### What is required
Find the line that holds "Mocha knit pullover" in the material below. Output that line and each one after it exactly, but not the pictures.

### Data supplied
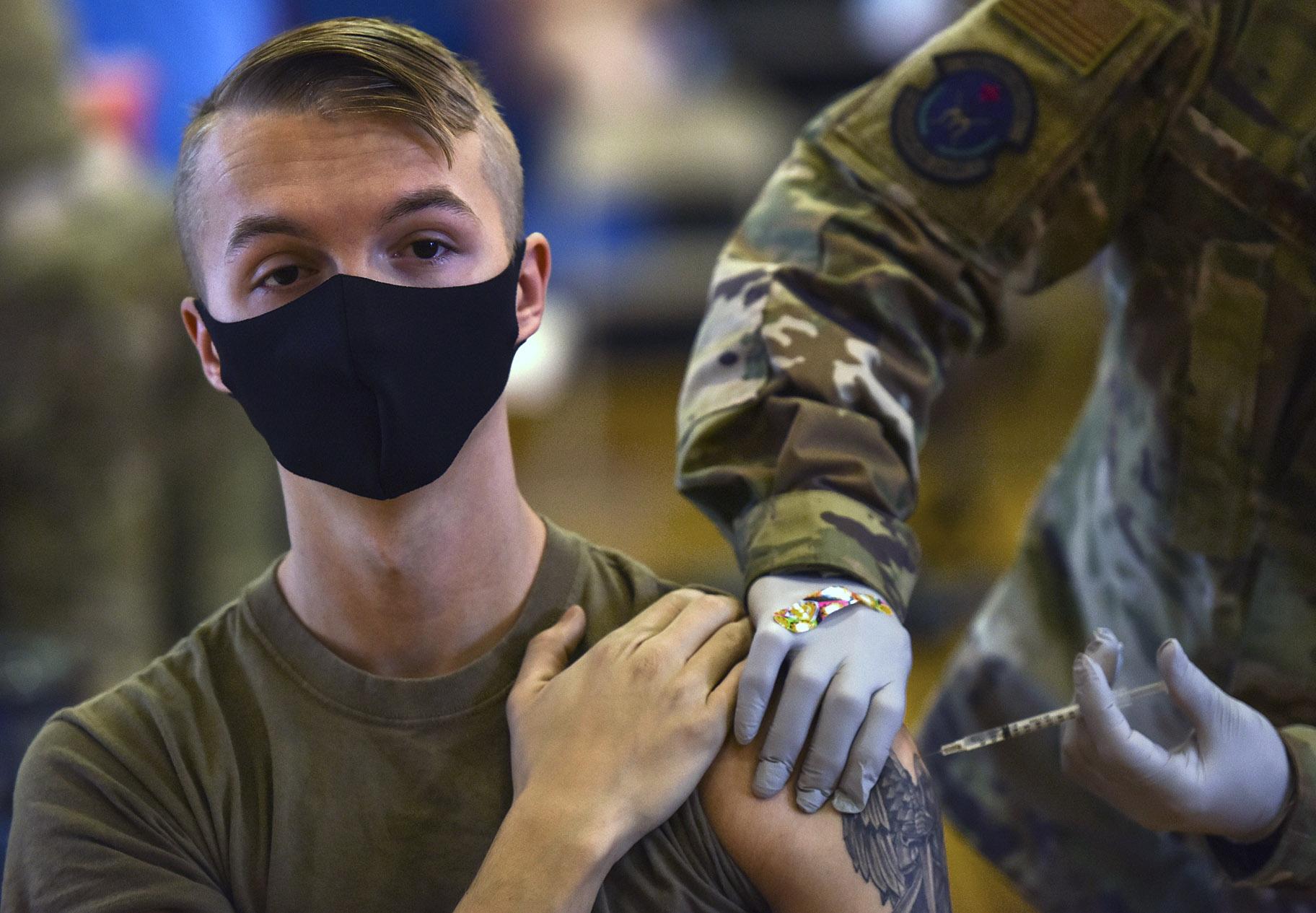In this Feb. 9, 2021, file photo provided by the Department of Defense, Hickam 15th Medical Group hosts the first COVID-19 mass vaccination on Joint Base Pearl Harbor-Hickam. (U.S. Air Force Tech. Sgt. Anthony Nelson Jr. / Department of Defense via AP)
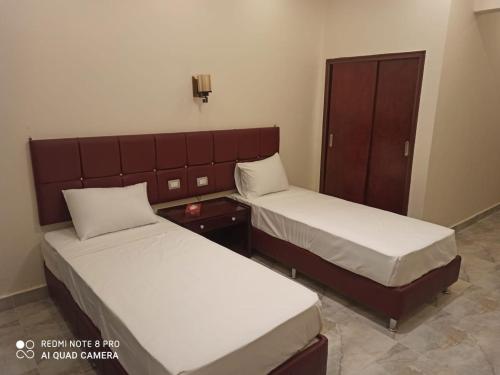 two beds in a hotel room with two beds sidx sidx sidx at Red Sea Hotel in Būr Tawfīq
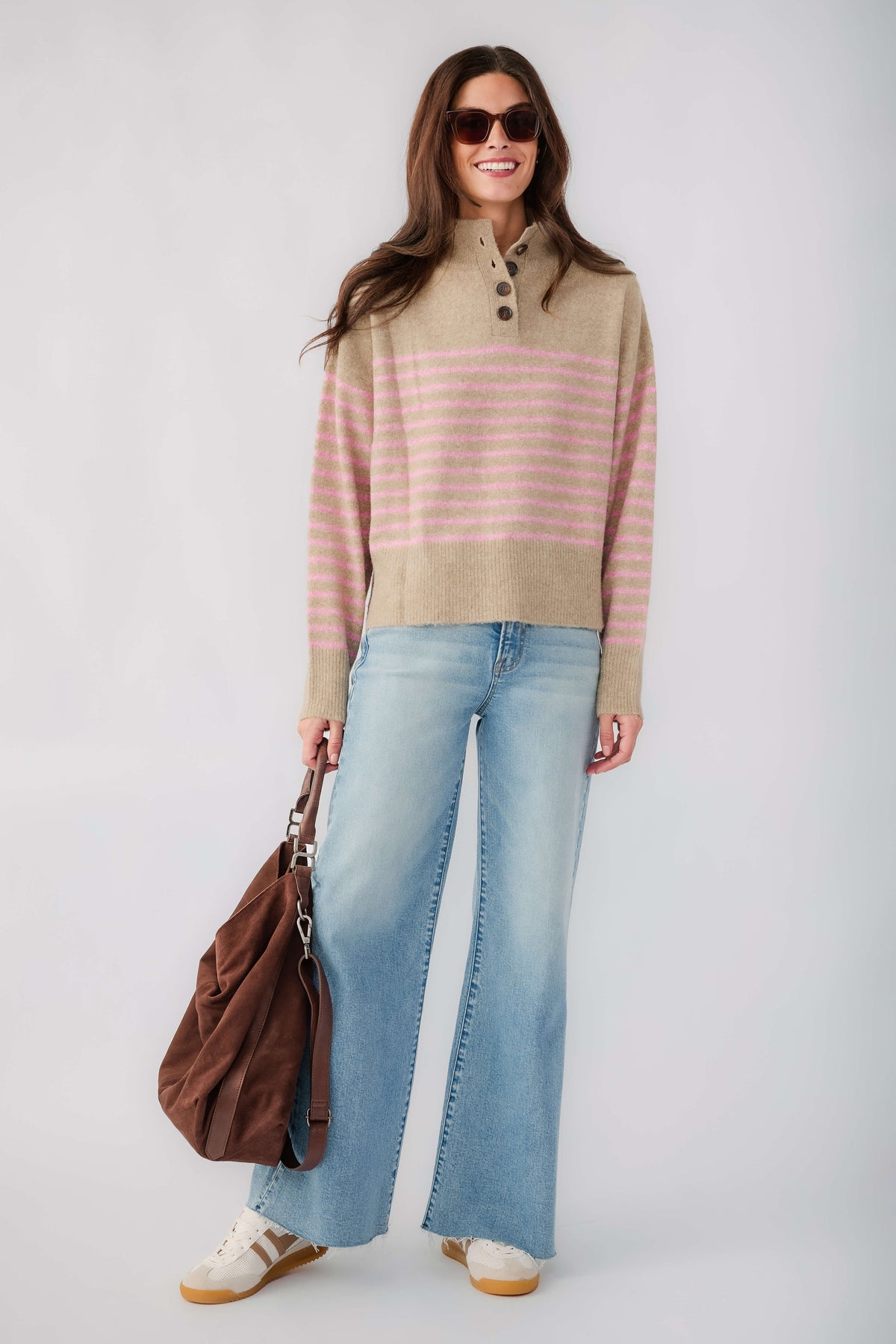 Mocha knit pullover with pink stripe across chest and half-button placket at collar
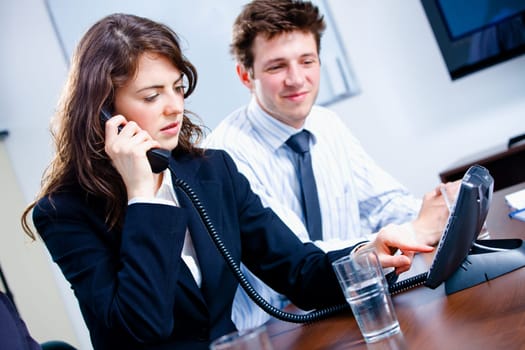 Businesspeople calling on phone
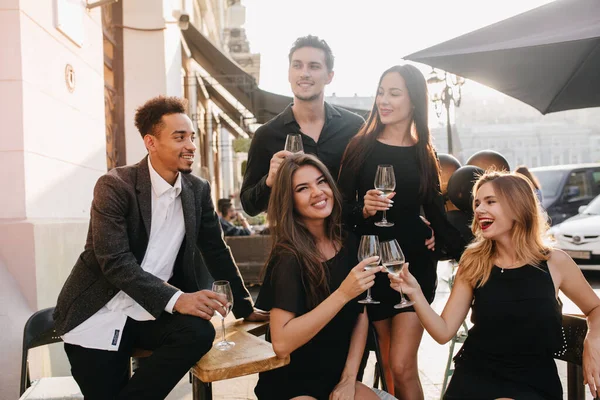 Joyful brunette man in black shirt looks away, holding glass of wine at party. Outdoor portrait of african guy in trendy jacket celebrating birthday with charming girls in cafe..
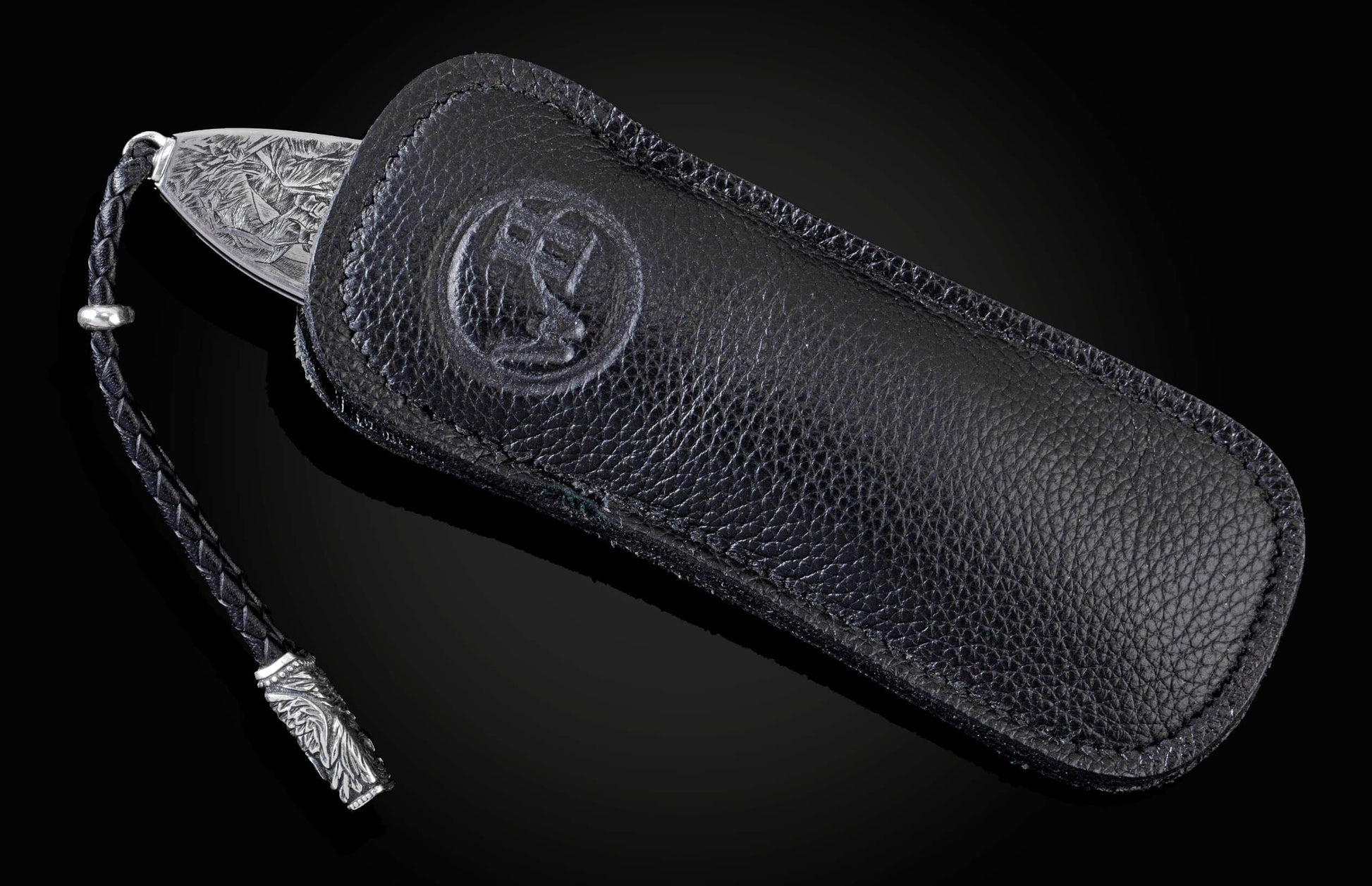 Handcrafted pocket knife from William Henry featuring a stainless steel frame hand-engraved with images of the Statue of Liberty and set with blue sapphires. The blade is hand-forged damascus steel.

### Your solution
 Mocha knit pullover with pink stripe across chest and half-button placket at collar
 Businesspeople calling on phone
 Joyful brunette man in black shirt looks away, holding glass of wine at party. Outdoor portrait of african guy in trendy jacket celebrating birthday with charming girls in cafe..
 Handcrafted pocket knife from William Henry featuring a stainless steel frame hand-engraved with images of the Statue of Liberty and set with blue sapphires. The blade is hand-forged damascus steel.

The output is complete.